Introducing BioWF - The Bioinformatics Workflow Designer
- Posted: Aug 05, 2013 at 6:00AM
Today's project is a little outside the normal thing we highlight here, but none the less, something I thought interesting and kind of cool. And sometimes, different is good, right?
BioWF is a project by Mark Smith and not only shows how you can host Windows Workflow Designer in your app, but how you can use it to create new activities too.
One of the projects that was really interesting was Trident - https://tridentworkflow.codeplex.com/. It provided a graphical designer based on Windows Workflow 3.0 to create scientific analysis applications. The .NET Bio team created some activities to introduce bioinformatics into that platform and it was a sample application that was shown off in some of the training sessions. Unfortunately, WF 3.0 was deprecated when .NET 4.0 shipped (and replaced by a completely different version of Workflow!), and the TSCB project just went dark. It also was quite heavy and slow having requirements on SQL server and some services to actually execute the workflows themselves.
But I really liked the idea of creating simple analysis programs with WF so I took the concept and created a new project – BioWF (http://markjulmar.github.io/BioWF/) which uses .NET 4.5 and .NET Bio 1.1 to provide a similar capability. It has two parts to it:
- A GUI designer which re-hosts Workflow 4.5 and provides access to a set of pre-defined activities and the core WF activities.

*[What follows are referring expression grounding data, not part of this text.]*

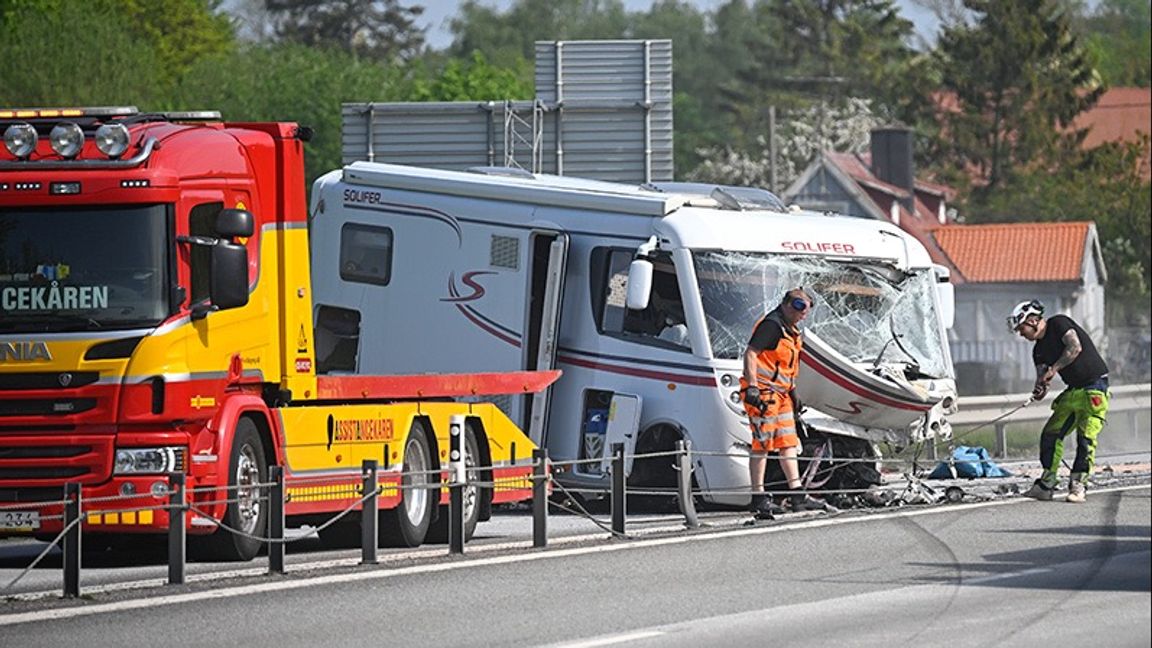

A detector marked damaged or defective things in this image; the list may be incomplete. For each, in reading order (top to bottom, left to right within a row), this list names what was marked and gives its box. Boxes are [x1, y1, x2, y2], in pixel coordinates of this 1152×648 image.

shattered windshield [0, 204, 170, 334]
damaged motorhome [304, 163, 952, 506]
shattered windshield [696, 249, 948, 380]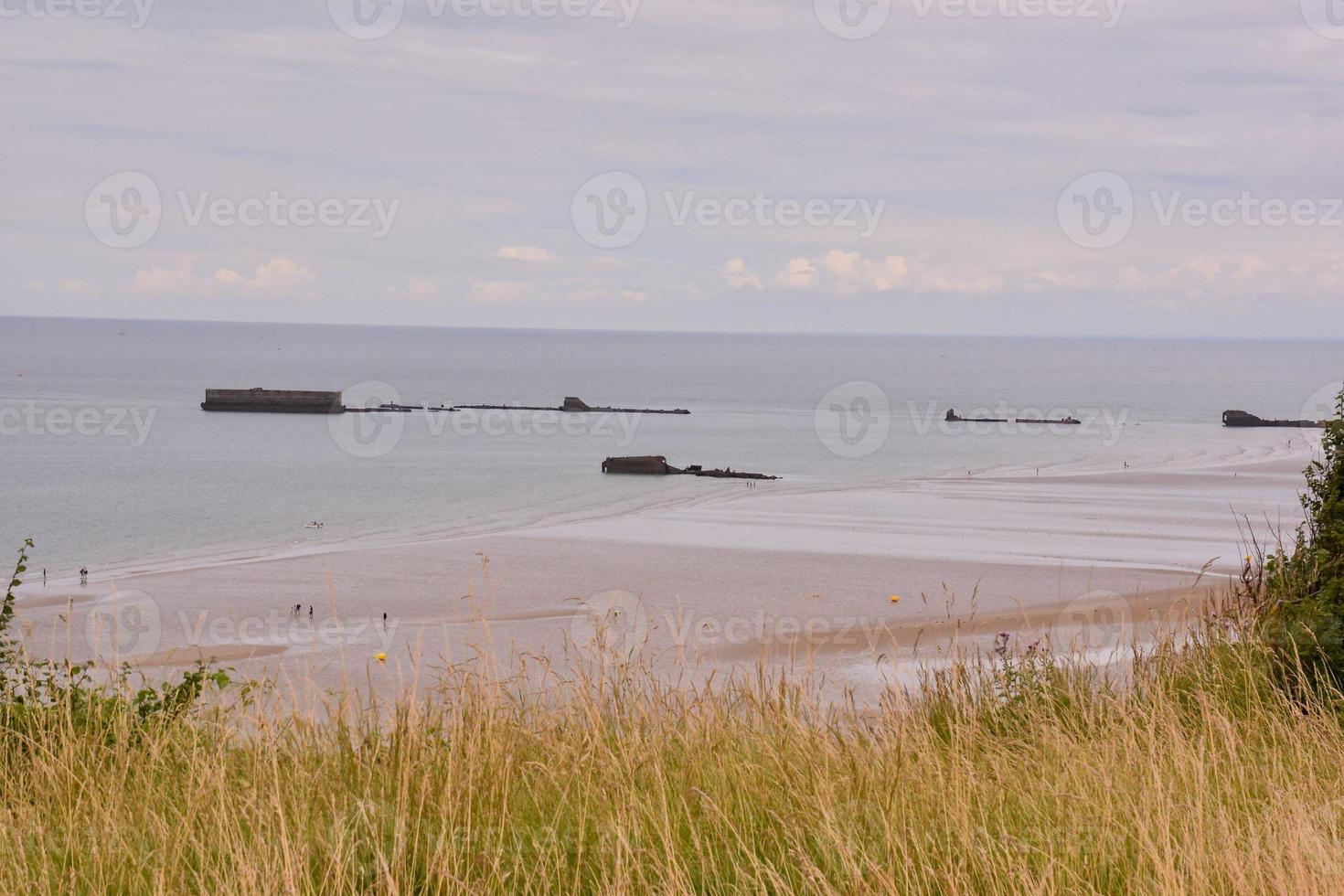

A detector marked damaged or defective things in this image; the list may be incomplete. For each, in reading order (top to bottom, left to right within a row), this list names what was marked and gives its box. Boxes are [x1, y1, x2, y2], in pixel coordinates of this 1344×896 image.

rusted structure in water [202, 387, 344, 413]
rusted structure in water [1220, 411, 1322, 430]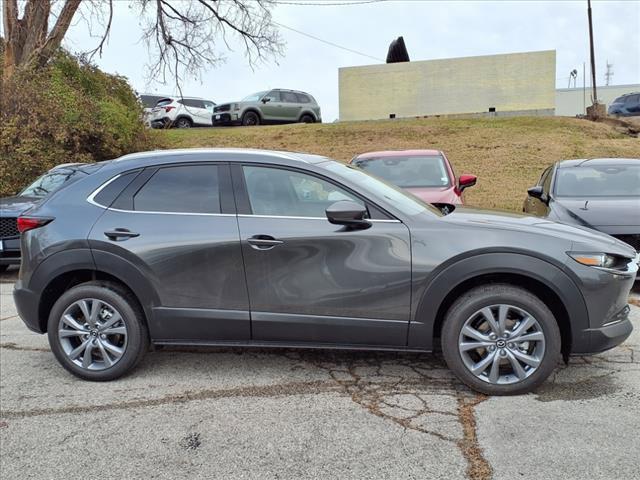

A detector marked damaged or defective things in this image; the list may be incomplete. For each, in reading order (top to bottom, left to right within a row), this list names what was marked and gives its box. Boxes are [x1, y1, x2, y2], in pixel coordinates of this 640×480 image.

cracked asphalt [0, 266, 636, 480]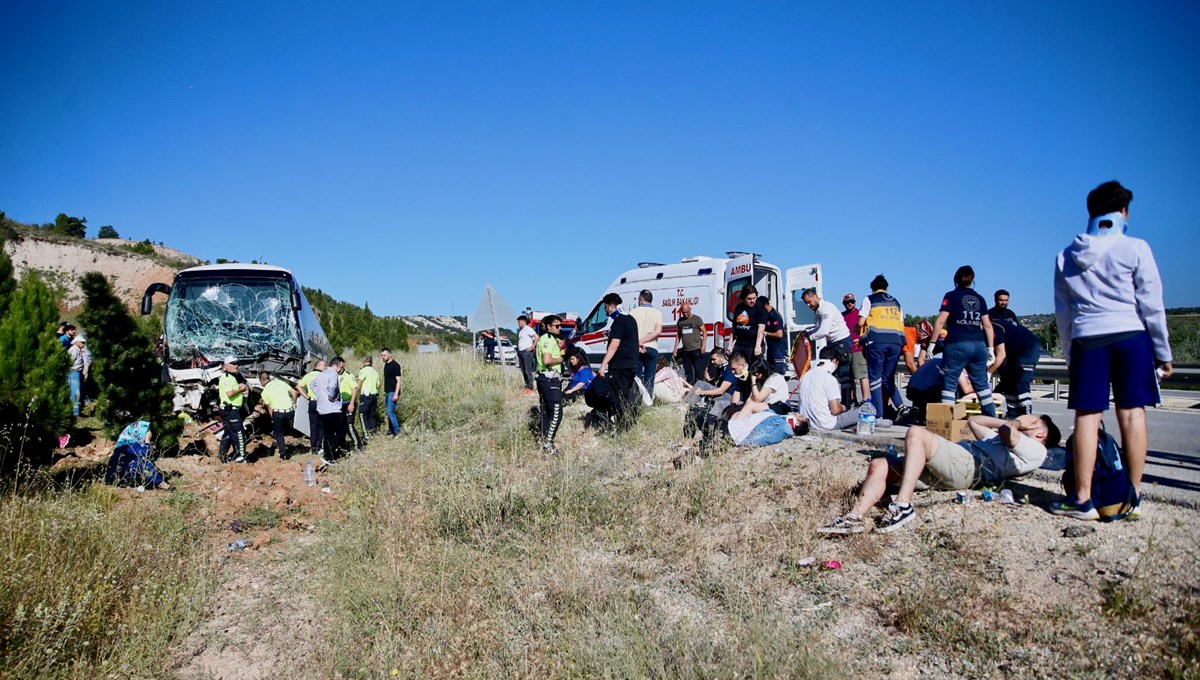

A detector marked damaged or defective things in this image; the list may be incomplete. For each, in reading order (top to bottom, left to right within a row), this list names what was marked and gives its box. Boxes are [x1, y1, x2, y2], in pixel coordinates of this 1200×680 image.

You can create, edit and save workflows to XML based files.
- A console based runner which can take a persisted WF and execute it providing both input and output capabilities.
You can then drag various activities from the toolbox on the left. Each activity can be selected and have properties changed in the property explorer on the bottom right of the screen. As an example, let’s create a sequence and save it to a FASTA file:
1. Drag the CreateSequence activity onto the design surface (right where it says “Drag activity here”. It should have some validation errors which show up:
This is very much an alpha right now – there are some little bugs here and there and it needs to have more comprehensive activities added, but it’s a good start. If anyone is interested in helping out, adding features or just using this then please drop me a line!
Feel free to download the source and build it – you will need Visual Studio 2012 (any edition) and Windows 7 or better (where .NET 4.5 is supported).
The source downloaded and ran for me after a quick nuget reference fix-up.
Here's a snap of the Solution;
There's just something I find cool about using WF to create DNA sequences...
What is this .Net Bio thing?
NET Bio is an open source library of common bioinformatics functions, intended to simplify the creation of life science applications.
The core library implements a range of file parsers and formatters for common file types, connectors to commonly-used web services such as NCBI BLAST, and standard algorithms for the comparison and assembly of DNA, RNA and protein sequences. Sample tools and code snippets are also included.
.NET Bio has been built with specific goals in mind:
Extensibility: .NET Bio is designed to be easy for a programmer to extend with new functions, please refer to the developer documentation available on this site. Developers who extend .NET Bio are encouraged to contribute their code back to the project so that the community as a whole can benefit from their work.
Flexibility: Whatever .NET-supported language you choose, the code you write will work with .NET Bio —so the accessibility of Visual Basic®, the power of C#, the speed and conciseness of functional languages such as F# or the ad-hoc scripting capabilities of Python are all available, as are many others. As a library of common code, .NET Bio can be used to build whatever application type meets your needs, whether integrating with applications such as Microsoft Excel, building commandline or GUI applications from scratch, or creating cloud services or workflow components.
Community: .NET Bio is a community-owned open source project and welcomes participation and contributions from programmers with an interest in the life sciences. We provide forums for discussions and help, documentation and sample applications, and tools to report bugs and request new features.